>>No DX lens should ever cross the 600 dollar barrier. It just totally misses the point of
>>the cropped buget format.
It's a cropped sensor genius, not a cropped budget. So I guess all the third-party DX lenses that cross your $600 barrier are also pointless?
Yeah, the Nikon 10-24 at $900 is not 2x better than the Sigma 10-20 at $500. But people who expect that are just morons. The increase in price in higher-end goods is rarely commensurate with the value delivered --- that is the whole point. In exchange for $400 you get something that is highly unlikely to be a lemon, with color rendering that is consistent with the rest of the Nikon line, image quality that probably matches the third-party lenses in any one category and does not have the glaring shortcomings of the third-party line (inconsistent focusing and weird distortions of the Sigma 10-20, CA of the Tokina 12-24, atrocious corners of the Tamron 10-24). If this is not worth $400 to you fine, move on, but don't look for petty reasons to bash the lens.
By the way, a week ago it was possible to get this lens for $770 shipped after all coupons, cashbacks, etc were stacked on the J&R website. Their price has since gone up by $40, but I find 30% not too unreasonable a premium for a Nikon lens at least from a historical perspective.
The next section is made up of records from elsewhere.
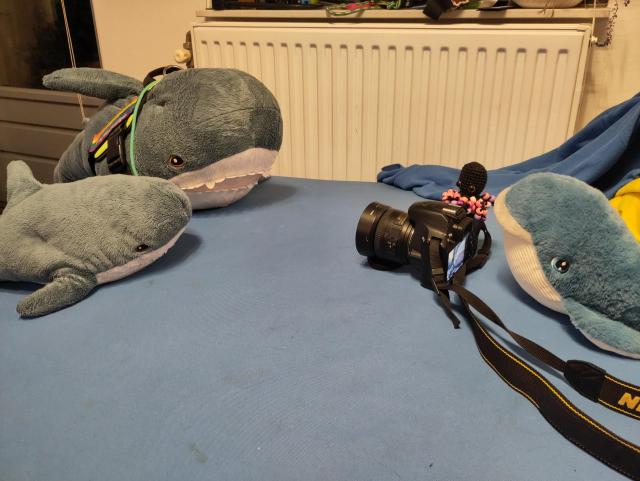 A Smolhaj cuddly shark and a Blåhaj cuddly shark posing for a camera. A cuddly blue whale is looking at the screen of the camera, a small black crotched octopus with colourful bead tentacles is sitting on the release button. The Blåhaj is wearing a haj-vis harness with rainbow patches and a lanyard with a Dutch OV-chipkaart on it.

Starting a photo studio?
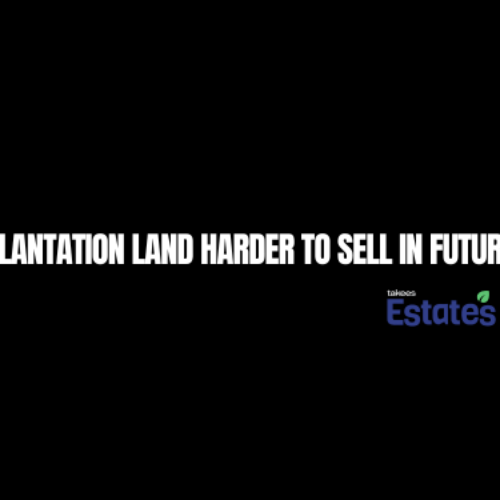 Is Plantation Land Harder to Sell in Future? Full Guide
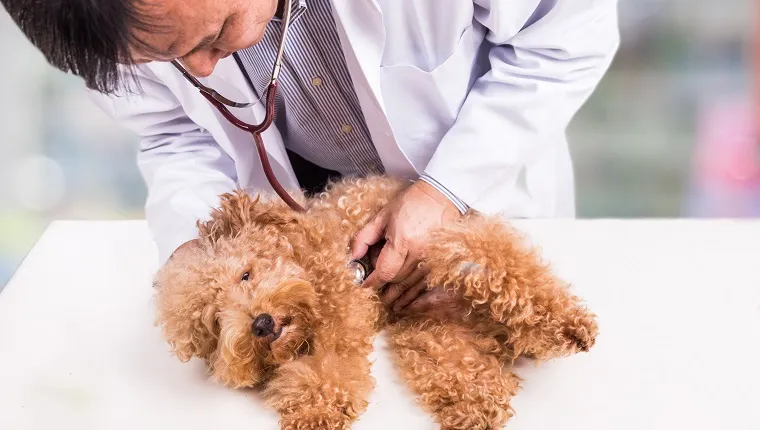Vet doctor examining cute but sick poodle dog with stethoscope at clinic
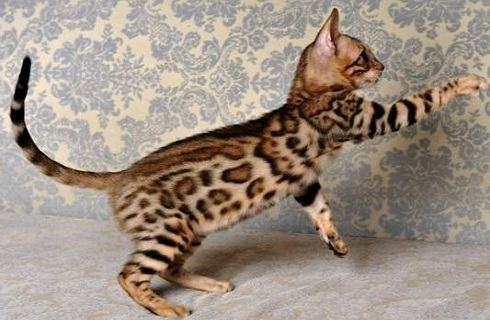 野生豹猫能在家里养吗？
People were not complaining too loud about the Nikon 17-55 costing 3x as much as the Tamron 17-50.
As far as the absence of reviews, it is indeed somewhat surprising. My only explanation is that the pros are shooting mostly full frame now, and this is dropping down the priority list. It is not like this lens breaks any new ground, it simply refreshes a 6-7 year old design and addresses a gap that developed during that time. IMO this is completely different from the endless 18-XX steam of DX lenses we have been getting lately that seem to be driven by nothing other than marketing.